The artwork also helps a lot. It is bright, vibrant, playful and full of comic sci-fi energy. The characters are fun, the world is instantly understandable, and the whole thing leans into the ridiculousness rather than pretending to be serious space opera. This is not solemn sci-fi. This is “grab the shiny space junk and try not to get eaten.”

One die, many problems
The dice selection is clever. You only choose one die each round, but that one die does a lot. It gives you actions, flexibility, possible combat strength, and sometimes access to powerful ship systems. Because everyone chooses secretly and reveals at the same time, you are never fully sure what the board will look like by the time your turn comes around.
There is a little Colt Express-style feeling here. You may plan to move into the next compartment and grab a lovely bit of valuable salvage, only for the player before you to wander in first and take it. Or move the alien. Or push you somewhere awful. Your plan is not happening in a vacuum. It is happening on a collapsing spaceship full of greedy idiots.
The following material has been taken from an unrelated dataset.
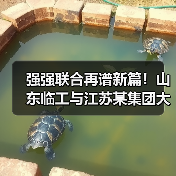强强联合再谱新篇！山东临工与江苏某集团大客户挖掘机交机（图2）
That makes turns quick, but keeps you invested when other players act. You are always watching. You are always adjusting. You are always hoping the player before you does not ruin everything. They often will.
The good chaos
After your turn, you will draw and act out an event turn. These cards are one of the best parts of the game. They make the ship feel unstable and alive. In our first game, we were down to the final salvage token. Rather than grab it which is one way you can trigger the end, and final round, we started avoiding it for a few turns, trying to finish missions and squeeze out extra points elsewhere. Then an event card suddenly dumped a load more juicy salvage onto the ship, completely changing the state of the game.
That was brilliant. It created a proper story moment. The issue is that once you have seen that card, you know it can happen. The event deck in the prototype felt like it could use more variety. I wanted more surprises, more weird ship malfunctions, more “oh no, not that” moments. The system is strong. I just wanted more of it. I think the game would be a lot better with more cards so you don't always see the same ones, just in a different order.
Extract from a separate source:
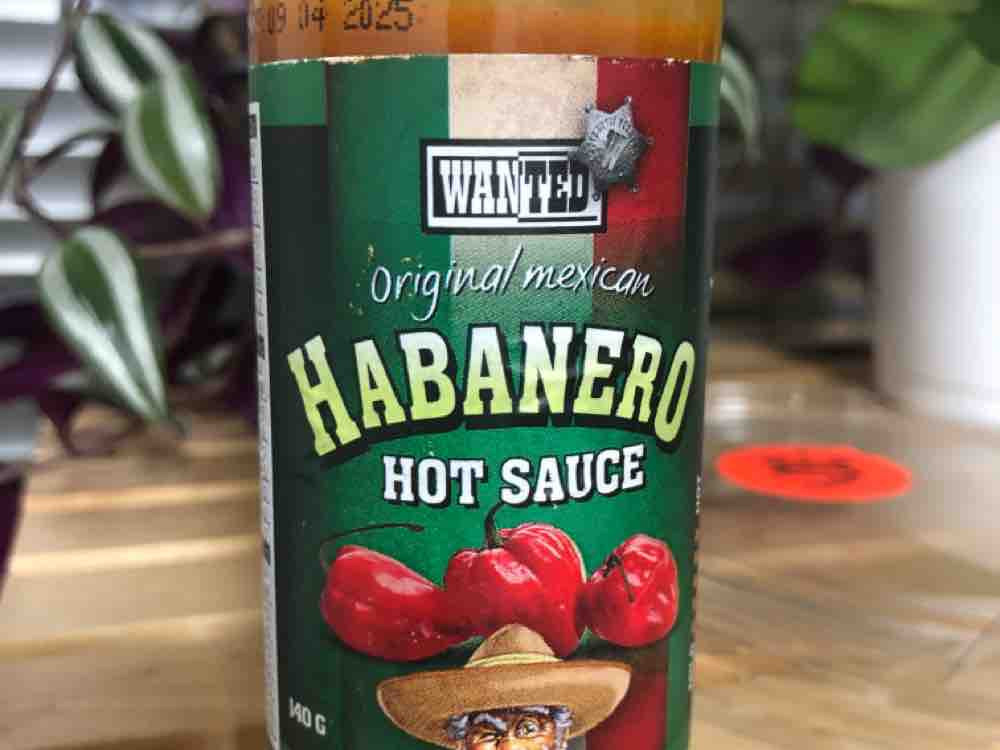 Habanero Hot Sauce von Intercop | Hochgeladen von: Intercop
The same goes for some of the balance. The character powers are cool and give everyone a slightly different flavour, but some felt more immediately useful than others. That may well be adjusted before the final game, and it is exactly the kind of thing prototypes are for. But as played, a few powers seemed easier to exploit, while others felt more situational.
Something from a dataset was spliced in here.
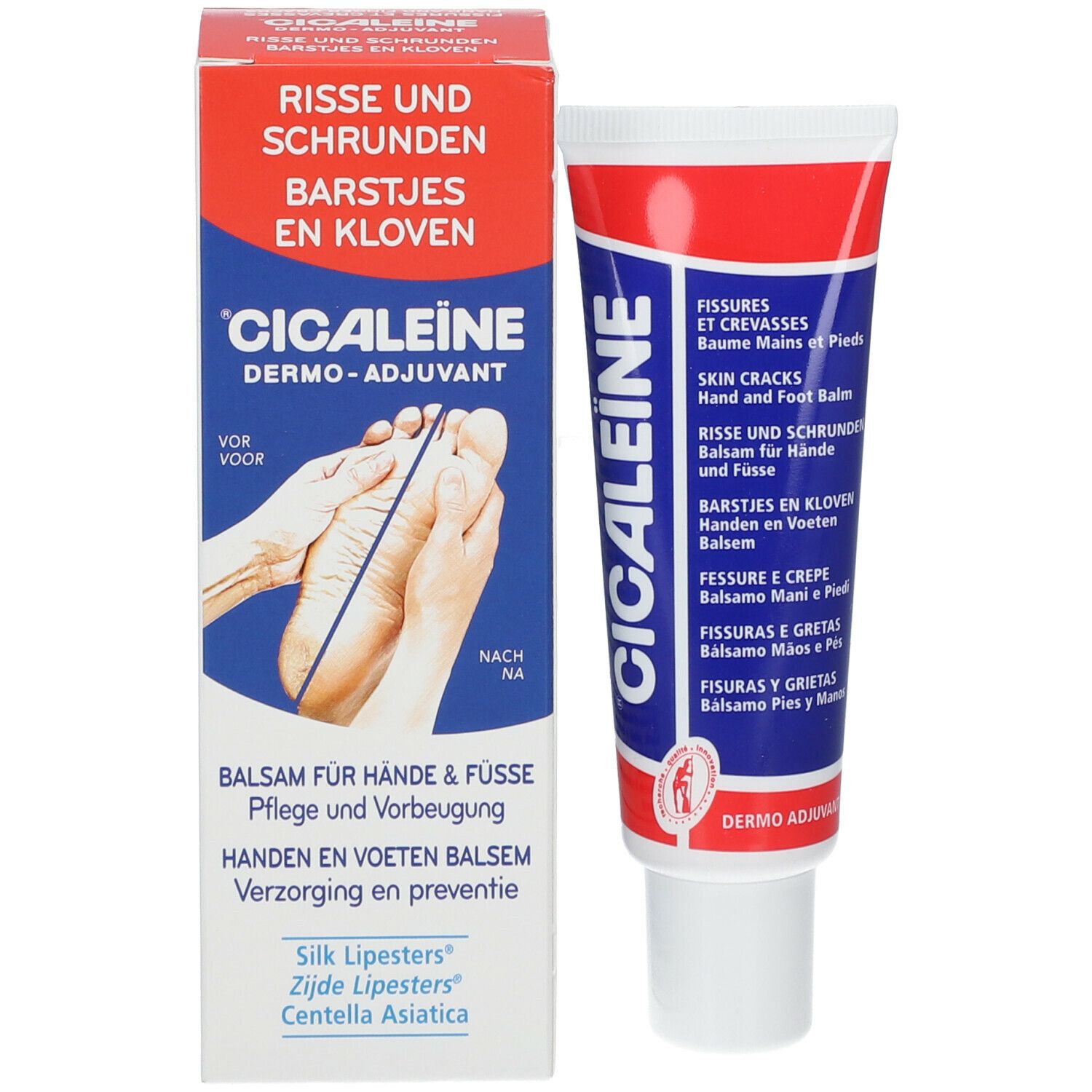 CICALEINE Balsam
Missions need a little more love
My biggest question mark is around missions. I like them a lot in theory. In fact, they were probably my favourite way to play. They make the game feel more thematic and give you a reason to do something beyond hoovering up space trash as quickly as possible.
The problem is that salvage currently feels like the main and most efficient route to points. Completing missions is more fun, more involved and more story-driven, but it can feel like a lot of effort for less reward. If I have read the rules correctly, you only score a mission if you fully complete it. That means you could complete three out of four tasks and get nothing, which feels harsh.
I would love to see missions use a sliding scale. Give players something for partial completion, then a bigger bonus for finishing the whole card. That would make them feel less punishing, while still rewarding players who fully commit.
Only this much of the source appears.